At the end of the original trial in 2013, 82 per cent of children who received the probiotic and peanut oral immunotherapy (PPOIT) were deemed tolerant to peanuts and went home eating peanut. Four years later, 80 per cent of children who gained initial tolerance are still eating peanut as part of their normal diet and have passed a further challenge test confirming long-term tolerance to peanut (70 per cent)

Publication of four year follow up data from a study of a novel oral immunotherapy to treat peanut allergy – The Lancet, Child and Adolescent Health

Research led by Professor Mimi Tang, who pioneered the probiotic and peanut immunotherapy (PPOIT) treatment, followed up children four years after they completed the initial trial. Children in the original PPOIT randomised trial were given either a combination of the probiotic, Lactobacillus rhamnosus, together with peanut protein in increasing amounts, or a placebo, once daily for 18 months, then tested to see if they had developed tolerance to peanut.
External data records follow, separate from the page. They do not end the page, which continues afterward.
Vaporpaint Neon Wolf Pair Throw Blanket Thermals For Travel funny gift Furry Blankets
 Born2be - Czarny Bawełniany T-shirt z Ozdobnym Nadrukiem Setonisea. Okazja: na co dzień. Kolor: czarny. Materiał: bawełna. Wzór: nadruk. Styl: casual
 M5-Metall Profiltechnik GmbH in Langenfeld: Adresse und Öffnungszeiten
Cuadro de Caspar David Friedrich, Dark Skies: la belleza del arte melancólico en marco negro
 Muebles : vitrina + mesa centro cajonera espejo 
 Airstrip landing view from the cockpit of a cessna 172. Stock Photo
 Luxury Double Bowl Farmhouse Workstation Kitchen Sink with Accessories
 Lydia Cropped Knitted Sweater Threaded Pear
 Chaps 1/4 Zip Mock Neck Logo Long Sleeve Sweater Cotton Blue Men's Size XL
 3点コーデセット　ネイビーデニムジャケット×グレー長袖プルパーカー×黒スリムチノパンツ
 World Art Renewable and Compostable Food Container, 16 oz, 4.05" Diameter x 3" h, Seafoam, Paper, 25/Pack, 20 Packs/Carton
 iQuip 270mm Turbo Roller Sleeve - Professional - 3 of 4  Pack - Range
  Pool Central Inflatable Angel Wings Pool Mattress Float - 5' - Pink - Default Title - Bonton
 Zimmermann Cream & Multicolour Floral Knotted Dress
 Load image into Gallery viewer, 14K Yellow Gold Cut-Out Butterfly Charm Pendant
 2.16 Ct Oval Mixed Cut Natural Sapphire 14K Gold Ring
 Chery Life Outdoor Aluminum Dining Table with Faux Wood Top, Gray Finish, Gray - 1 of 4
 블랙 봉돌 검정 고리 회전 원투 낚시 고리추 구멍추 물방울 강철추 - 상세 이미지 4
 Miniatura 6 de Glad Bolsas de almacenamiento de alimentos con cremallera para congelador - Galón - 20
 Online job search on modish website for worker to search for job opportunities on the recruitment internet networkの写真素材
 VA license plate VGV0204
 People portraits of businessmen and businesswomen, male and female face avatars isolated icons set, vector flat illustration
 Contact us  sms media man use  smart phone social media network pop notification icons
Prof Tang said the new study showed that the majority of PPOIT-treated children who tolerated peanut at the end of the original trial were still eating peanut without reactions four years later.

“The probiotic and peanut oral immunotherapy treatment, or PPOIT, was associated with long-lasting ability to tolerate peanut four years after stopping the treatment,” Prof Tang said.

“Of the PPOIT-treated participants who achieved short term tolerance at the end of the original trial, 80 per cent were still eating peanut and 70 per cent had long-lasting challenge-proven tolerance four years after stopping treatment.”